人の「心の発達」を, 様々な側面から科学的に探究する

人の生涯は,受胎に始まり,誕生,赤ちゃんの時代,子どもの時代,青少年の時代,大人の時代,高齢の時代を経て,死で終わります。こうした生涯のそれぞれの時代に重要な「心の発達」があるとともに,各時代の「心の発達」が相互に影響しています。心理発達論コースでは,心の発達の様相とその支援とについて,発達心理学を中心に,様々な学問領域から学びます。具体的には,個々人が自分らしさをどのように形成してゆくのかという人格発達,人の認識・思考・判断等の変化を探る認知発達,心の病をどのように理解し,ケアするかという臨床心理学,発達の障害をどのようにとらえ,支援するかという発達障害学などです。

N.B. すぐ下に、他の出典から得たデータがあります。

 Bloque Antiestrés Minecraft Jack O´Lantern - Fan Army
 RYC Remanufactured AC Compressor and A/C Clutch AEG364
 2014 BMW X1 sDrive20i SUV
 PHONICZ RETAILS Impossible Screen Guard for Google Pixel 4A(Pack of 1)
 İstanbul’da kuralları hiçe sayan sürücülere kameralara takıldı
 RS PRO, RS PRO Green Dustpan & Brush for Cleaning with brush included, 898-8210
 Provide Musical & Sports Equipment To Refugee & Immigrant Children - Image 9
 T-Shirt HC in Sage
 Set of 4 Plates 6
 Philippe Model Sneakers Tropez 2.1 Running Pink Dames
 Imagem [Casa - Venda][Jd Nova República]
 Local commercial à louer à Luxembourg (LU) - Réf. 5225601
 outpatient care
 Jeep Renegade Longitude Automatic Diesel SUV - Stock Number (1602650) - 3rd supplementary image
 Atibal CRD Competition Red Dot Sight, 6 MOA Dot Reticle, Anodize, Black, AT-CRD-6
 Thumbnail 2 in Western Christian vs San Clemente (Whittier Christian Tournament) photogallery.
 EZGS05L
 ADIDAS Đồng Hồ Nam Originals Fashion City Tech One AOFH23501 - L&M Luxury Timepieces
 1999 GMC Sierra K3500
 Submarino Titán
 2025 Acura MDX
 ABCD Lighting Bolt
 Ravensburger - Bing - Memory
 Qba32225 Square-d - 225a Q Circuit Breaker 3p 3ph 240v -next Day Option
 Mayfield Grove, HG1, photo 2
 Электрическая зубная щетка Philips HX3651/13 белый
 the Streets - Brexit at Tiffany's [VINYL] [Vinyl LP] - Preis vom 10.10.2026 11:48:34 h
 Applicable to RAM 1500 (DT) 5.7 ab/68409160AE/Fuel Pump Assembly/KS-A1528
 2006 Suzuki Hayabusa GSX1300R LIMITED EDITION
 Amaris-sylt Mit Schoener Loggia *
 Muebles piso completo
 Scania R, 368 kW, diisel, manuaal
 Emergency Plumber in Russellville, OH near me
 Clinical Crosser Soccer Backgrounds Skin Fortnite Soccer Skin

本コースでは,これらの学問領域における理論や知見を学ぶことに加え,心理学の手法を用いて心理学的知見を見いだし,それを卒業論文にまとめることを4年間のゴールとしています。そのため,心理学概論・各論の授業と平行して,実験法や観察法,質問紙法,検査法などの心理学研究法を獲得していくカリキュラムが組まれています。2年生ではまず,様々な研究法を実習し,データ分析のための統計法も学びます。3年生になると,計画立案-データ採取-分析-結果解釈という研究プロセスを,ゼミの仲間と共同で経験します。4年生では,個人の関心から研究テーマを設定し,一人で卒業研究に臨みます。卒業後の進路は様々で,心理学に関連する仕事もそうでない仕事もあります。しかし,心とその発達について,苦労して採取した生のデータで,自分の考えた仮説を実証し,結果をレポートや論文の形式で発信するという,科学的探究を経験してきたことは,卒業生の将来に,有形無形の影響を与えています。カウンセラー等の心理職を目指す人は,大学院に進学し,臨床心理士の資格を取得します。